Por fortuna, la Unión Europea supo unirse cuando le vio las orejas al lobo estepario. «Rusia no es Europa», afirmó Putin en uno de sus decretos de 2014, cuando decidió que su política debía apelar a un espacio cultural único, ajeno a veleidades occidentalizantes como las provocadoras Pussy Riot o el disidente rockero Andrey Makarevich.

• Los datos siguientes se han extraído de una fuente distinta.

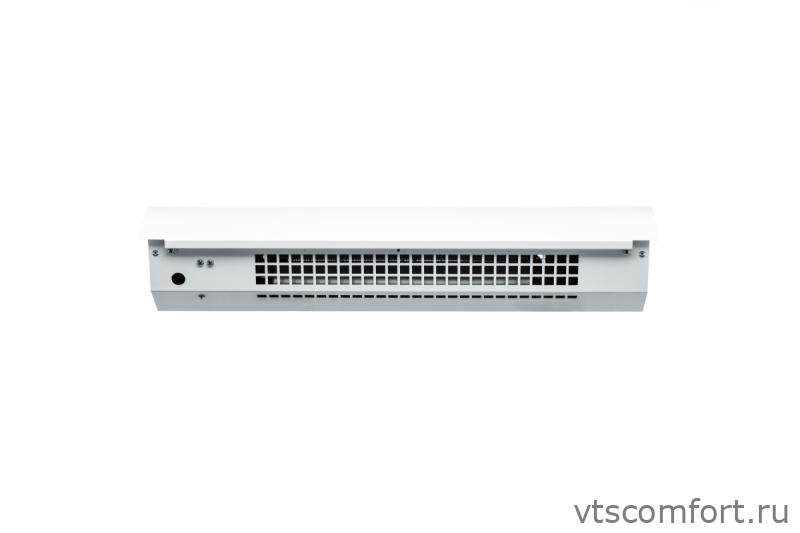 Фото Тепловая завеса Тропик E3 белая Изображение Тепловая завеса Тропик E3 белая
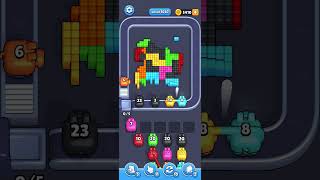 Pixel Flow Level 1087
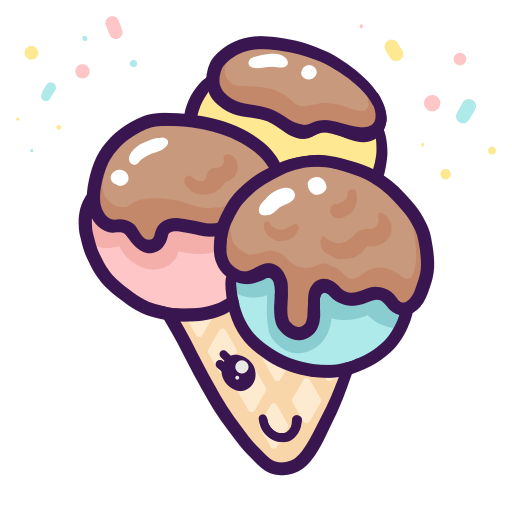 Enjoy the Cuteness Stickers messages sticker-10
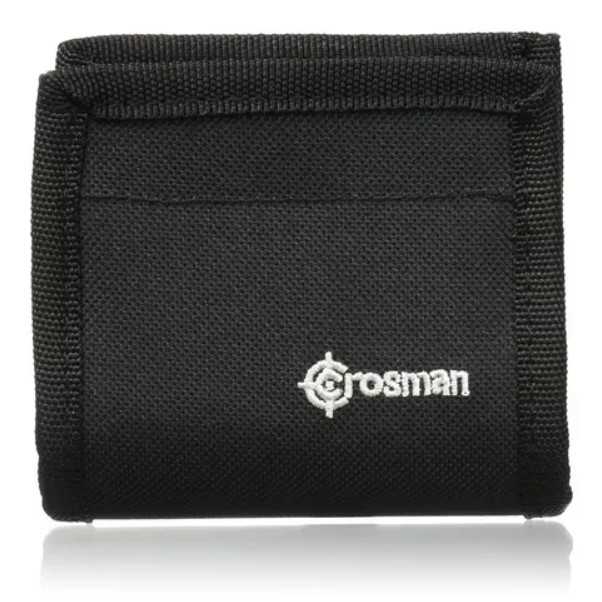 Bolsa Para Municiones Crosman 0529 Balines Diabolos Cartucho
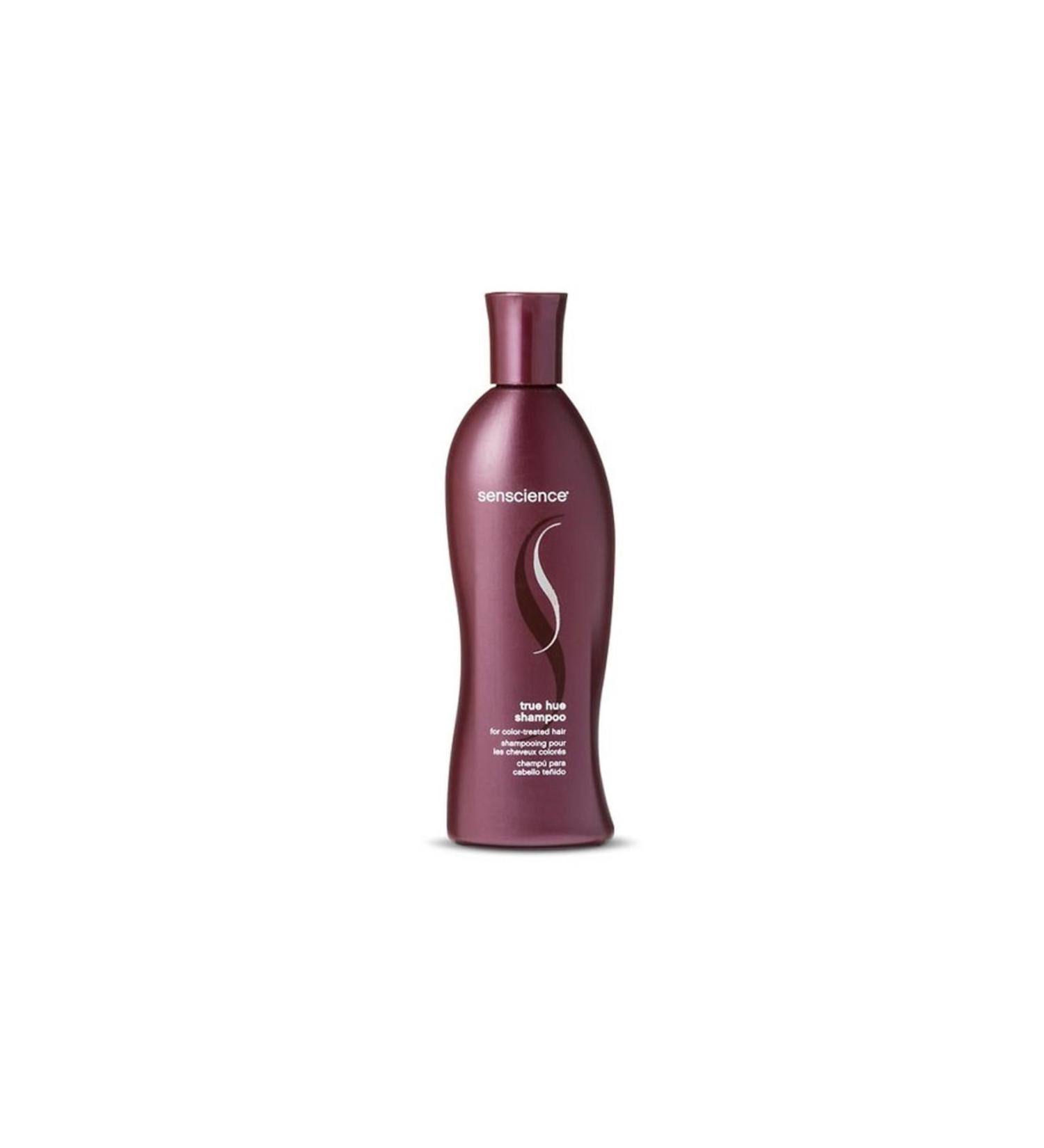 Senscience True Hue Sulfate-Free Color Protecting Shampoo 300ml.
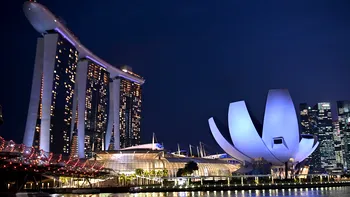 Top 10 cele mai scumpe orașe din lume: pe ce locuri sunt Paris, Londra, Singapore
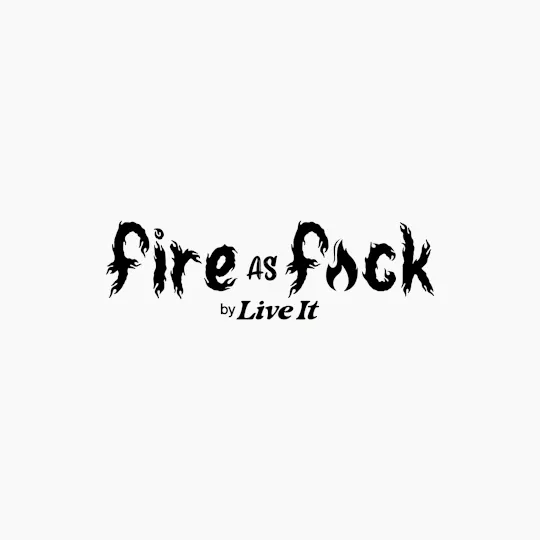Live It - LIVE IT POP | FIRE AS FUCK | SMALLS - 1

El siglo XX y lo que llevamos del XXI ha sido tiempo de nacionalismos exacerbados. Las consecuencias de esas disensiones nacionalistas las ha padecido en mayor o menor medida la totalidad del continente, desde la Rusia de Putin hasta la Cataluña de Puigdemont y el País Vasco de no se sabe quién, pasando por los Balcanes y algún que otro brote que salpica la geografía del viejo continente. Escribía Stefan Zweig en su autobiografía, subtitulada Memorias de un europeo, que el nacionalismo es «la peor de todas las pestes que envenenan la flor de nuestra cultura europea». Él, ferviente defensor de Europa, pacifista y judío, tenía sobrados motivos para denostar todo tipo de nacionalismos y de forma especial el nacionalsocialismo que lo arrojó de su patria al exilio como un escombro más de la Europa devastada. En vez de promover crispaciones y ademanes sombríos, se debería fomentar un clima de afable tolerancia. ¿Es demasiado pedir desde esta España aturdida si queremos pintar algo en Europa?